┏━━

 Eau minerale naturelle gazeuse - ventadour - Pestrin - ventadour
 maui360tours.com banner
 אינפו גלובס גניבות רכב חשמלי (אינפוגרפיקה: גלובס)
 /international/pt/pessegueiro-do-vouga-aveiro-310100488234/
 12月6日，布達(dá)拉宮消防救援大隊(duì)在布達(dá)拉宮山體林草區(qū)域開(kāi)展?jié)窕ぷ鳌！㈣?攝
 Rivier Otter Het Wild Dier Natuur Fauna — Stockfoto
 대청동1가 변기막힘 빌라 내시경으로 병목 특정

┗━━
┏━━

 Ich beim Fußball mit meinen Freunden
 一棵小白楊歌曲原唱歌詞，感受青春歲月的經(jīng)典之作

┗━━
┏━━

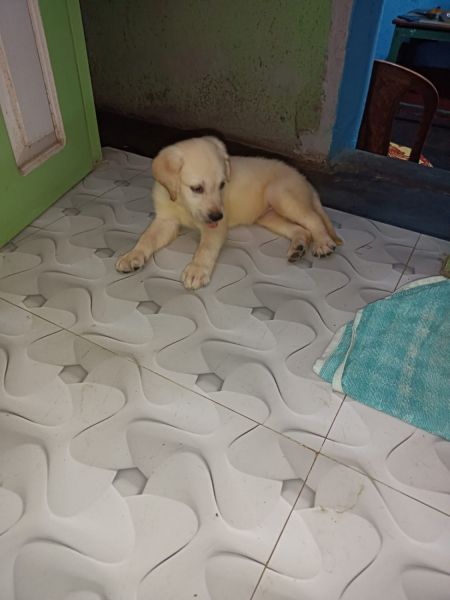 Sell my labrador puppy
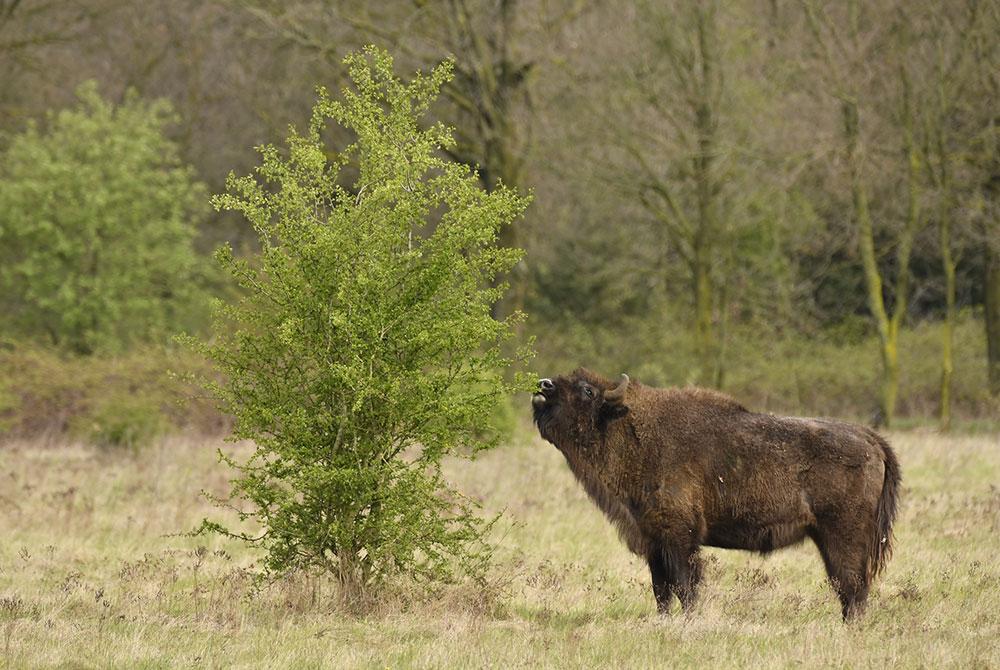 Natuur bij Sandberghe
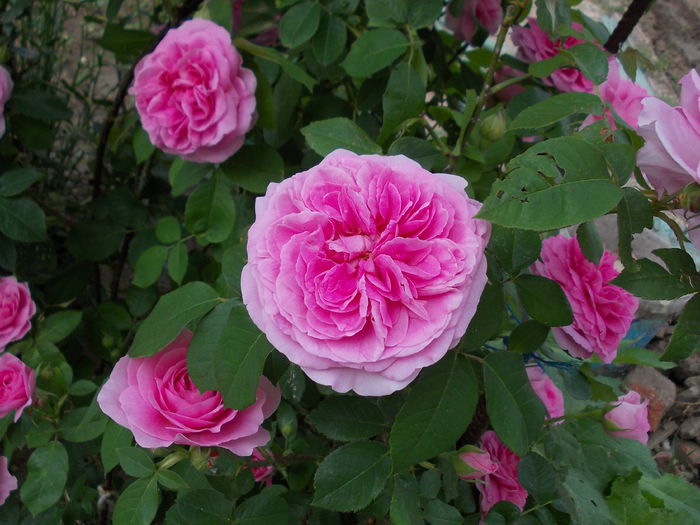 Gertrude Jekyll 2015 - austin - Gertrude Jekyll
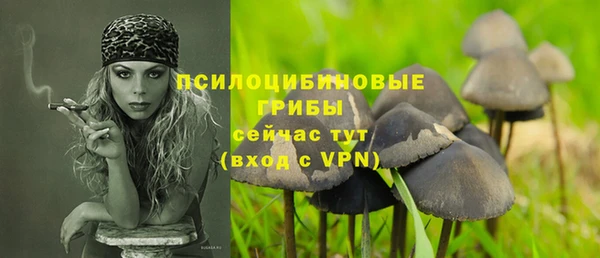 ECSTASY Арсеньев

┗━━

- Work task -
Output the lines above between the one holding "אינפו גלובס גניבות" and the one holding "대청동1가 변기막힘 빌라 내시경으로 병목 특정", inclusive, with nothing before or after them.

- Answer area -
 אינפו גלובס גניבות רכב חשמלי (אינפוגרפיקה: גלובס)
 /international/pt/pessegueiro-do-vouga-aveiro-310100488234/
 12月6日，布達(dá)拉宮消防救援大隊(duì)在布達(dá)拉宮山體林草區(qū)域開(kāi)展?jié)窕ぷ鳌！㈣?攝
 Rivier Otter Het Wild Dier Natuur Fauna — Stockfoto
 대청동1가 변기막힘 빌라 내시경으로 병목 특정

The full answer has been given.